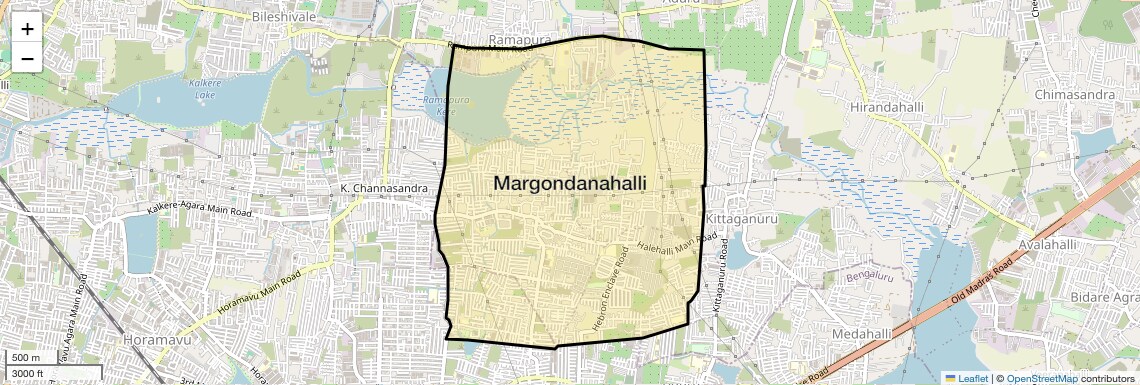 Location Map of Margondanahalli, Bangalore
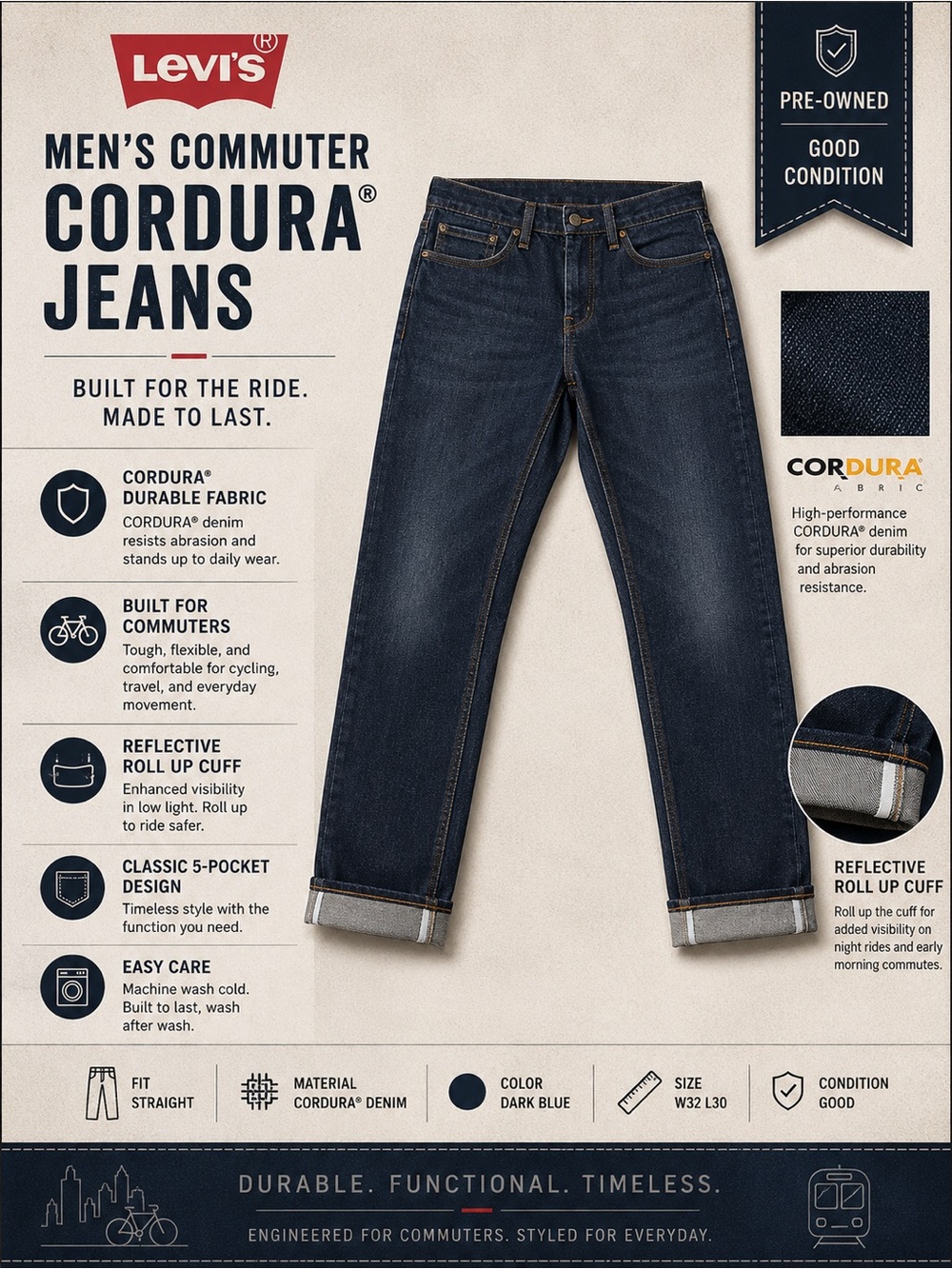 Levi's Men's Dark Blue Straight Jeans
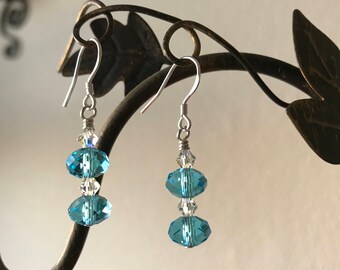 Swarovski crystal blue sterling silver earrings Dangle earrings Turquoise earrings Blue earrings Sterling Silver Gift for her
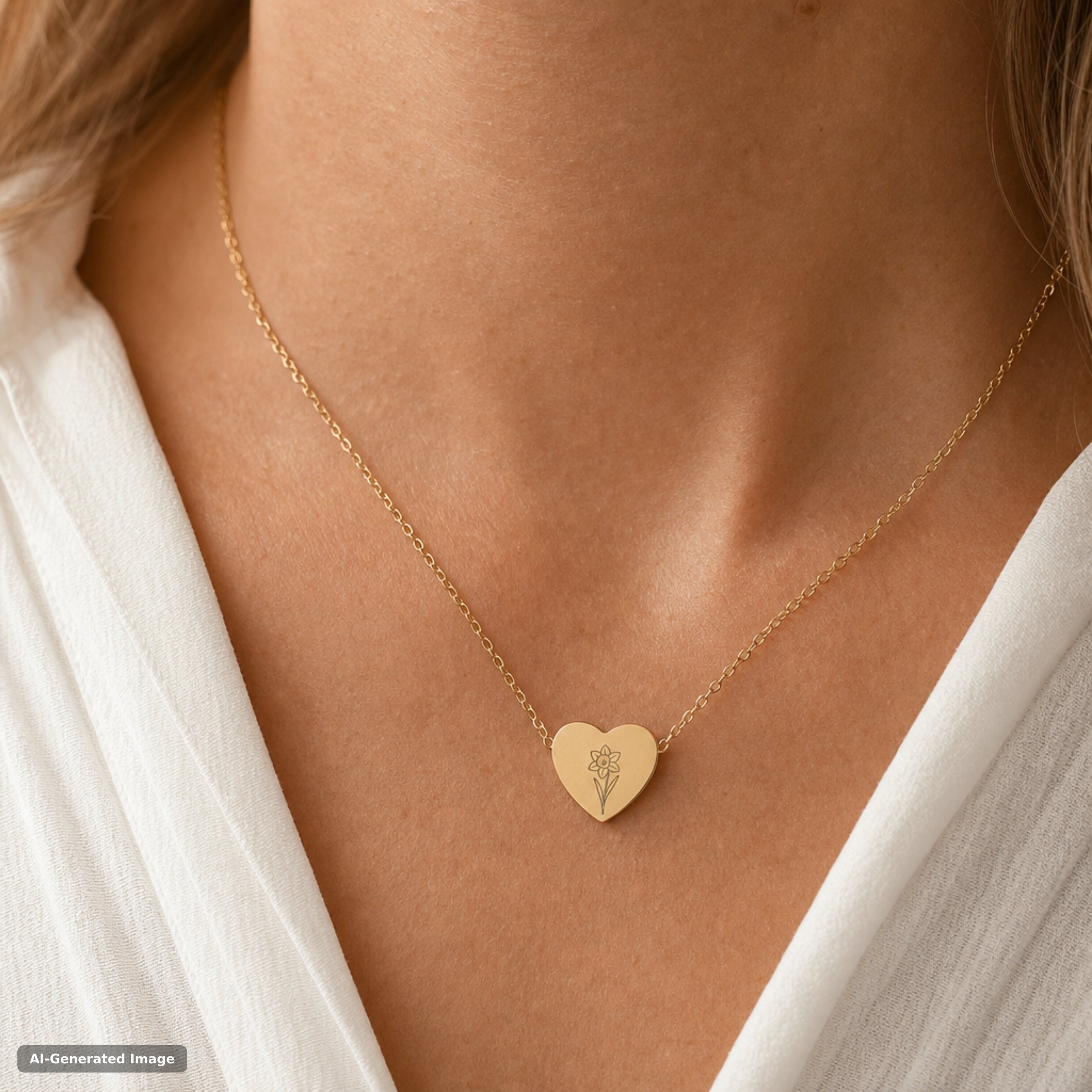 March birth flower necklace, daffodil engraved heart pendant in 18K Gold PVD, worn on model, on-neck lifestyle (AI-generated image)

What you should do => Once the pictures are set aside, please output all the data word for word.

Output =>
 Location Map of Margondanahalli, Bangalore
 Levi's Men's Dark Blue Straight Jeans
 Swarovski crystal blue sterling silver earrings Dangle earrings Turquoise earrings Blue earrings Sterling Silver Gift for her
 March birth flower necklace, daffodil engraved heart pendant in 18K Gold PVD, worn on model, on-neck lifestyle (AI-generated image)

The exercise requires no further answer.